- _Exercise instructions_
Take the records below and set them down exactly, so that every line matches the original.

- _Supplied data_
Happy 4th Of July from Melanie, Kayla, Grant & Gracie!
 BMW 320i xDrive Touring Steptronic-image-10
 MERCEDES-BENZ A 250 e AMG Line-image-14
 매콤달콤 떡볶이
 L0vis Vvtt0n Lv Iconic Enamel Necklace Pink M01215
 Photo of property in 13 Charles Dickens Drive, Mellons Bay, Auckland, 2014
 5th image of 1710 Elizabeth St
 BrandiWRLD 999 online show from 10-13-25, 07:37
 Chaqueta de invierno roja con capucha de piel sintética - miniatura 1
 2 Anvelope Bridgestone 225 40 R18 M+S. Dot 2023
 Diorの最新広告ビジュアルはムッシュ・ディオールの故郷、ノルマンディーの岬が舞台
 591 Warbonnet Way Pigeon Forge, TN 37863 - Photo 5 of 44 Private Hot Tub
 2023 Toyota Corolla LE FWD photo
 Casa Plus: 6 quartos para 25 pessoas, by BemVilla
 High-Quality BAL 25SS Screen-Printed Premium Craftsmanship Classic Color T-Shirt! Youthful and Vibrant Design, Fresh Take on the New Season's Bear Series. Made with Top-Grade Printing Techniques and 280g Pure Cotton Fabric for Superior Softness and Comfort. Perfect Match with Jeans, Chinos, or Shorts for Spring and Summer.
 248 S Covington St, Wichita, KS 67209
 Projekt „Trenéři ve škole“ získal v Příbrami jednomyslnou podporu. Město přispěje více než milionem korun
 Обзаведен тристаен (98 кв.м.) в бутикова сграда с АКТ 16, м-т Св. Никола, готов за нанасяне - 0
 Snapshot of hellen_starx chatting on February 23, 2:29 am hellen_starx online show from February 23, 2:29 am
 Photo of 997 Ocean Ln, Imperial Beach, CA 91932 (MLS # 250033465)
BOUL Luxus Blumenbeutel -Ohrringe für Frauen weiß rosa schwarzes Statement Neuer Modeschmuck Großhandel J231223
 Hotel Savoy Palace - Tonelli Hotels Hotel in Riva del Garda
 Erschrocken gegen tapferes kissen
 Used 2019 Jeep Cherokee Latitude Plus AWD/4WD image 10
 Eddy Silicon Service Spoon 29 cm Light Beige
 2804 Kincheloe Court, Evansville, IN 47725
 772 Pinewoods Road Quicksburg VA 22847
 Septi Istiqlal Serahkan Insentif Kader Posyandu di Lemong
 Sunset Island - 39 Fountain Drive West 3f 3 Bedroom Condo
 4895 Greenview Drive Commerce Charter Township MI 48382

- _Answer for the task_
Happy 4th Of July from Melanie, Kayla, Grant & Gracie!
 BMW 320i xDrive Touring Steptronic-image-10
 MERCEDES-BENZ A 250 e AMG Line-image-14
 매콤달콤 떡볶이
 L0vis Vvtt0n Lv Iconic Enamel Necklace Pink M01215
 Photo of property in 13 Charles Dickens Drive, Mellons Bay, Auckland, 2014
 5th image of 1710 Elizabeth St
 BrandiWRLD 999 online show from 10-13-25, 07:37
 Chaqueta de invierno roja con capucha de piel sintética - miniatura 1
 2 Anvelope Bridgestone 225 40 R18 M+S. Dot 2023
 Diorの最新広告ビジュアルはムッシュ・ディオールの故郷、ノルマンディーの岬が舞台
 591 Warbonnet Way Pigeon Forge, TN 37863 - Photo 5 of 44 Private Hot Tub
 2023 Toyota Corolla LE FWD photo
 Casa Plus: 6 quartos para 25 pessoas, by BemVilla
 High-Quality BAL 25SS Screen-Printed Premium Craftsmanship Classic Color T-Shirt! Youthful and Vibrant Design, Fresh Take on the New Season's Bear Series. Made with Top-Grade Printing Techniques and 280g Pure Cotton Fabric for Superior Softness and Comfort. Perfect Match with Jeans, Chinos, or Shorts for Spring and Summer.
 248 S Covington St, Wichita, KS 67209
 Projekt „Trenéři ve škole“ získal v Příbrami jednomyslnou podporu. Město přispěje více než milionem korun
 Обзаведен тристаен (98 кв.м.) в бутикова сграда с АКТ 16, м-т Св. Никола, готов за нанасяне - 0
 Snapshot of hellen_starx chatting on February 23, 2:29 am hellen_starx online show from February 23, 2:29 am
 Photo of 997 Ocean Ln, Imperial Beach, CA 91932 (MLS # 250033465)
BOUL Luxus Blumenbeutel -Ohrringe für Frauen weiß rosa schwarzes Statement Neuer Modeschmuck Großhandel J231223
 Hotel Savoy Palace - Tonelli Hotels Hotel in Riva del Garda
 Erschrocken gegen tapferes kissen
 Used 2019 Jeep Cherokee Latitude Plus AWD/4WD image 10
 Eddy Silicon Service Spoon 29 cm Light Beige
 2804 Kincheloe Court, Evansville, IN 47725
 772 Pinewoods Road Quicksburg VA 22847
 Septi Istiqlal Serahkan Insentif Kader Posyandu di Lemong
 Sunset Island - 39 Fountain Drive West 3f 3 Bedroom Condo
 4895 Greenview Drive Commerce Charter Township MI 48382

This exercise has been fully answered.